With respect to the laptop computer, plaintiff testified at her deposition that Maynard gave her the laptop computer for her personal rehabilitation use — and that she was not expected to work from her hospital bed.

The Court does not believe the fact that Maynard brought her a computer for her own personal use while she was at the rehabilitation facility is any evidence — one way or the other — that her department was suffering from lack of work since she acknowledged that it was admittedly provided for rehabilitation purposes and not so she could work from her hospital bed. Absent some proof that Maynard’s explanation was false, the Court sees no reason to discount or reject it — -especially when plaintiff does not actually dispute it. It must be remembered that the Court does not sit as a super-personnel department reviewing the wisdom or fairness of the business judgments made by employers. See Anderson v. Durham D & M, L.L.C., 606 F.3d 513, 522 (8th Cir.2010).

With respect to the other reasons that plaintiff has offered as amounting to pretext, those issues have been addressed above and rejected. Thus, the Court finds that plaintiff has failed to offer sufficient evidence for a reasonable trier of fact to infer disability discrimination.
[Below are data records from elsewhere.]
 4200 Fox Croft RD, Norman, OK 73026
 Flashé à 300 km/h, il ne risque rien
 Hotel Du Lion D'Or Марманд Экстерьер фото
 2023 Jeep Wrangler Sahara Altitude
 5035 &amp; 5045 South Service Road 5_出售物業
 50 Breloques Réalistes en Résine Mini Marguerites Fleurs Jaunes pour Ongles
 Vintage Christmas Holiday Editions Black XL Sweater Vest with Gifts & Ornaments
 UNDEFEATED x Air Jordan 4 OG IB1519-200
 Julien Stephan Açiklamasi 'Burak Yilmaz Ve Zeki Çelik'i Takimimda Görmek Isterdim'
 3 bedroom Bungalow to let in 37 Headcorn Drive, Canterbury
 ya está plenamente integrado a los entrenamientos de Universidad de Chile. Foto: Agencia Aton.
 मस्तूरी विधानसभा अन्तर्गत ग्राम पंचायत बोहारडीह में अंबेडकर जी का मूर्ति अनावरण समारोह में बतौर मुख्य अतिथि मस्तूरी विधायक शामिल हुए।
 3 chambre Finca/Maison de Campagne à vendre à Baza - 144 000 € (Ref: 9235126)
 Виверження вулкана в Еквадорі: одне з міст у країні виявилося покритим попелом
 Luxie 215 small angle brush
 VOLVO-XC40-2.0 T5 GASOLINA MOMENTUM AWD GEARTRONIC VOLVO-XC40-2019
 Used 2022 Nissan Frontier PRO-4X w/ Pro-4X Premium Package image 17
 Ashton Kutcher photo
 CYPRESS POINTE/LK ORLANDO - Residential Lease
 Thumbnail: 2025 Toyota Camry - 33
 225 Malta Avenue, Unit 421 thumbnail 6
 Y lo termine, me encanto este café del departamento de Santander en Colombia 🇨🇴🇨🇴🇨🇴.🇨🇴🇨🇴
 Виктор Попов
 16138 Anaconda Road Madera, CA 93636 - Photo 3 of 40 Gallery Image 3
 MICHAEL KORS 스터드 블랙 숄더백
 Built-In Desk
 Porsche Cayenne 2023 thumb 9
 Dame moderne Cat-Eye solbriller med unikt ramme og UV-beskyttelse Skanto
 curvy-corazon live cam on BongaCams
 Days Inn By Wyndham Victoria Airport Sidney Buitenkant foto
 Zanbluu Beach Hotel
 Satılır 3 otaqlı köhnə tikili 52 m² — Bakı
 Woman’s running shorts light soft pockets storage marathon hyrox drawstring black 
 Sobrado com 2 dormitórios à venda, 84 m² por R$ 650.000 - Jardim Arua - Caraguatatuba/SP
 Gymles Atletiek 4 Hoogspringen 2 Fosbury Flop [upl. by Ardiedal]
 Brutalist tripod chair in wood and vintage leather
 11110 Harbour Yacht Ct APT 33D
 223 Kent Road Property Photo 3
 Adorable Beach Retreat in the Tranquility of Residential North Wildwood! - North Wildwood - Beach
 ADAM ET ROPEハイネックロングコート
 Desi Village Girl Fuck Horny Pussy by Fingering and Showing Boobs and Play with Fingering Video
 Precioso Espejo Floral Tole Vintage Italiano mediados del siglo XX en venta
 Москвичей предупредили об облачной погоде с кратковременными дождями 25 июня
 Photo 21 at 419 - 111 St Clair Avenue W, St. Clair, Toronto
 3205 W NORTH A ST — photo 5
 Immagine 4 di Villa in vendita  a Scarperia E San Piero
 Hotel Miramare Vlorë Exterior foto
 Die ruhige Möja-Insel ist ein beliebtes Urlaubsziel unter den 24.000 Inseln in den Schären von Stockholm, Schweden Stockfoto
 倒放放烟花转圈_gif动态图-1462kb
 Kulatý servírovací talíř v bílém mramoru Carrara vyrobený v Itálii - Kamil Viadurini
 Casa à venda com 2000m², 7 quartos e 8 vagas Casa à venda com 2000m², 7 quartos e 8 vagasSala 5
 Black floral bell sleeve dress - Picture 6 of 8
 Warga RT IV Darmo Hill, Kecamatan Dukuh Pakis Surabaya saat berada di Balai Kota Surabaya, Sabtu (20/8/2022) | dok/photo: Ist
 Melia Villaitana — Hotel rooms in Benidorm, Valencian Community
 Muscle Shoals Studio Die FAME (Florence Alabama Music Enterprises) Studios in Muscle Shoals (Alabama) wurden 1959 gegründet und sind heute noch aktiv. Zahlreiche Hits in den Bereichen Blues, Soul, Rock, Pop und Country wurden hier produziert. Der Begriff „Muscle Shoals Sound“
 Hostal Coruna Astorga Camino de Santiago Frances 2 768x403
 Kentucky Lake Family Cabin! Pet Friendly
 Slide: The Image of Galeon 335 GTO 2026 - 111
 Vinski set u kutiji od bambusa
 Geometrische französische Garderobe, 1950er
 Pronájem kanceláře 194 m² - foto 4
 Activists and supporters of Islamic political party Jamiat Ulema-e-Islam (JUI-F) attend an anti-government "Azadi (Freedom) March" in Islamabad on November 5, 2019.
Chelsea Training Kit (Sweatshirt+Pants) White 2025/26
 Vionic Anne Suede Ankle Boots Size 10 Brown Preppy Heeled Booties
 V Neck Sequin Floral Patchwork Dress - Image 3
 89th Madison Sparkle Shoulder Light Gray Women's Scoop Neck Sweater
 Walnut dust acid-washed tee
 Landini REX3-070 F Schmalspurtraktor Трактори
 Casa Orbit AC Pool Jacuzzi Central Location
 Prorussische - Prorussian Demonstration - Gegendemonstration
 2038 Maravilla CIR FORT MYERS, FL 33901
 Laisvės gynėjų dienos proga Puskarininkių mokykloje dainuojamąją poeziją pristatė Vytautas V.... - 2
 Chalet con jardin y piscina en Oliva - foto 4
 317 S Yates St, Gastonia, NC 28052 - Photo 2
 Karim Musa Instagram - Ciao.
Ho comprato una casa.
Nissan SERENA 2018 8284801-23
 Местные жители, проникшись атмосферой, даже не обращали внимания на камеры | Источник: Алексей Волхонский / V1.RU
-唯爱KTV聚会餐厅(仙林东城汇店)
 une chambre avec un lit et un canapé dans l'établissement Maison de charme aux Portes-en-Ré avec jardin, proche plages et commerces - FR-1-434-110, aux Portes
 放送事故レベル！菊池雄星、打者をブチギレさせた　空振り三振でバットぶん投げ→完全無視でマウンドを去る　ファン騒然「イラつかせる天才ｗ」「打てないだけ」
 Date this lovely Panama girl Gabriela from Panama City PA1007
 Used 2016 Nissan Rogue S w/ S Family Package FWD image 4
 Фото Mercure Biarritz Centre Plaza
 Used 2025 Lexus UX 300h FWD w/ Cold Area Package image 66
Thus, Maynard is entitled to summary judgment on plaintiffs ADA claim.

IT IS THEREFORE ORDERED that defendant’s Motion for Summary Judgment (Doc. 15) is hereby GRANTED and plaintiffs complaint is hereby DISMISSED WITH PREJUDICE.

IT IS SO ORDERED.

. PTO refers to "paid time off.”

. In order to qualify for full benefits at Maynard, plaintiff needed to work at least 32 hours per week.

. The Court notes that it compiled this statistical data by using the information provided by Maynard in its response to the EEOC request for information (see Doc. 20-3), Maynard’s discovery responses (see Doc. 20-5) and Joe Maynard’s Affidavit (see Doc. 15-1).